Ellen Wilcoxen 2013 FPO Program
“I found physicians who appear to love their work and have a knack for making the most of any given challenge.”
When switching my major from art history to pre-med at the University of Colorado, I was confident, knowing that a career helping others is always worthwhile. However, I had very little experience in the medical realm. During my first year in medical school, I realized many of my classmates are the sons or daughters of physicians, while I knew relatively no one in health care. I no longer view this as a setback. The Family Physicians of Oklahoma program has been the perfect end to my first year in medical school, highlighting important clinical skills and reaffirming my interest in family medicine.
My Muskogee preceptor, Dr. Brad McIntosh, is what I like to think of as a modern-day country doctor. The kind that is not replaceable, but revered. I was impressed and encouraged to see that he made time to call patients at home, laughed in nearly every exam room, and showed patience and enthusiasm during each visit. When asked by an elderly patient, he was willing to bend his own rules, continuing to care for her as she recovered in a long-term acute care facility that he does not typically visit. In addition to caring for his patients, he is involved in his four children’s education and extracurricular activities, and is active in his church. After hearing him make mention of “cleaning the chickens” before 7AM rounds, his sixty plus growing tomato plants, and building houses as a teenager, I realized Dr. McIntosh truly “does it all”.

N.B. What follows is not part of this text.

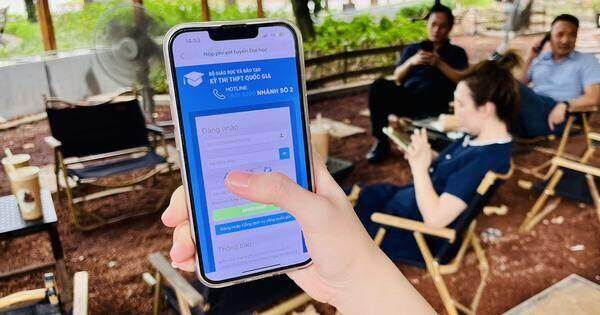 Nộp phí xét tuyển Đại học, Cao đẳng 2024 tiện lợi bằng QR đa năng VNPT Money Nộp phí xét tuyển Đại học, Cao đẳng 2024 tiện lợi bằng QR đa năng VNPT Money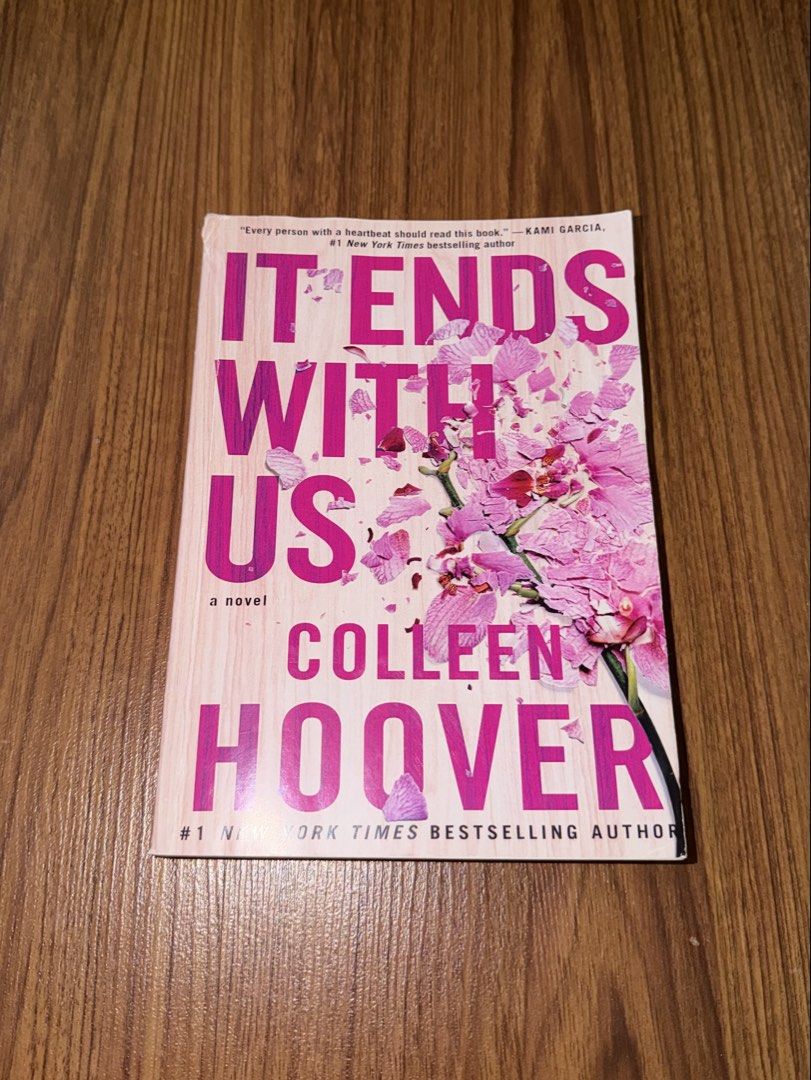 It Ends With Us by Colleen Hoover (Category: Storybooks) located in Antipolo. Submitted by kzees (Listing ID 1470668752, Image 1). Description: - Original - small tear on front cover - few highlights on some pages - still clean & readable See photos for the condition. SELLING IT FOR ONLY ₱250! 🥳 (bought it ng 799 🫣).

While Dr. McIntosh spent a week leading his son’s Boy Scout troop on the Buffalo River, I had the opportunity to work with two other family physicians in Muskogee. It was during this time that I realized the scope a family medicine practice can take. Already with Dr. McIntosh, I had seen everything from C-sections, tubal ligations, and vasectomies to family planning consultations, orthopedic and dermatologic care. With Dr. Bebee I was exposed to the inner-workings of advanced wound care: how to apply skin grafts and wound-vacs, the common causes of amputations and foot wounds, and the mechanisms of current wound therapies such as MediHoney, Apligrafts, and Santyl debridement. Later at his clinic, I was able to perform allergy testing. I then was able to observe endoscopic and colonoscopy procedures with another of his colleagues, Dr. Dansby. Until this time, I was unaware that these were services a family physician can provide. I particularly remember how Dr. Dansby delicately approached educating a 12-year-old girl with her mother about STD and pregnancy prevention. While 12 may seem an early age to begin this conversation, Dr. Dansby did not let the uncomfortable nature of the topic keep him from addressing it when needed, explaining to me later that if you don’t reach them early, you run the risk of missing the chance.
A pervading factor in my decision to join the medical team was the idea of working with underserved communities. I had been to Africa and Central America to do so, and was excited about having a similar experience in my own hometown. Because he cared for many SoonerCare and uninsured patients, Dr. McIntosh was skilled in addressing the monetary concerns of his patients. He took the time to compare the costs and benefits of different treatment options, always giving his honest opinion when asked, while allowing the patient to make informed decisions about their care. He took the time and effort to scavenge his office cabinets for free samples that patients could take home, and consciously matched meds to the Walmart $4 list. This aspect of medicine is not always considered at my level of training, and I am grateful to have had the lesson.
Most importantly, I am thrilled that my original hesitation upon embarking the FPO program was ultimately unfounded. Though I’d hardly admit it to even myself, I feared that I’d find my “dream job” filled with doctors working exhaustingly long hours, chipping away at debt, left unsatisfied after swimming against the tidal wave of chronic diseases. Rather, I found quite the opposite. I found physicians who appear to love their work and have a knack for making the most of any given challenge. While I understand the importance of exploring other options in medicine, I am enthusiastic in knowing that I am one step closer to deciding the path for me.